▸ EXERCISE AIM
Read through the records below and copy each line that uses the word "High".

[Collected data]

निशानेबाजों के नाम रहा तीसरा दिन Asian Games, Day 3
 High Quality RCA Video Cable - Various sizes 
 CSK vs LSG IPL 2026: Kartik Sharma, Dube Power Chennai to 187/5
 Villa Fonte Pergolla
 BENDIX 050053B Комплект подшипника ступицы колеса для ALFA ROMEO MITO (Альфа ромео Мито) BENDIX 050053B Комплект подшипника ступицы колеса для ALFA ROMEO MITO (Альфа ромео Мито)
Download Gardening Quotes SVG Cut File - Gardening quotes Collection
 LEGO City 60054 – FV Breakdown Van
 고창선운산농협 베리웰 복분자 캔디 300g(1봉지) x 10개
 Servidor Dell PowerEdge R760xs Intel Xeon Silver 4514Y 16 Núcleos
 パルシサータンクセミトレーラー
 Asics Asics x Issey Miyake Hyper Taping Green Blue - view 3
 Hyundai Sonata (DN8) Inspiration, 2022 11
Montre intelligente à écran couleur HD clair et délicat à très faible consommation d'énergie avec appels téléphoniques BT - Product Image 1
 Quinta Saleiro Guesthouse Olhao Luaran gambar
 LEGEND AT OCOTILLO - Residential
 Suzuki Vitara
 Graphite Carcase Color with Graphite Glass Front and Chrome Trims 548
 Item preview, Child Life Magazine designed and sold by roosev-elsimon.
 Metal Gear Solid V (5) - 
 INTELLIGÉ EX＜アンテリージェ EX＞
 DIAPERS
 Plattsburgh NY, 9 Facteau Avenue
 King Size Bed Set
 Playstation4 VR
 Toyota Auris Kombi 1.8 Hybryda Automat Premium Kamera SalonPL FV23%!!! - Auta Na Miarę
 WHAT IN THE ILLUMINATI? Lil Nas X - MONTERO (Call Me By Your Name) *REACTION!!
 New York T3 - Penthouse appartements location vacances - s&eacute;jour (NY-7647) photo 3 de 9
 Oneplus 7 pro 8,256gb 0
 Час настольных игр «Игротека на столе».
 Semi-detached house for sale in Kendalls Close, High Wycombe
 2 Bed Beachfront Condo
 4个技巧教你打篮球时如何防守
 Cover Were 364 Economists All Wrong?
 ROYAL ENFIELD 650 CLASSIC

▸ ANSWER SPACE
 High Quality RCA Video Cable - Various sizes 
 Semi-detached house for sale in Kendalls Close, High Wycombe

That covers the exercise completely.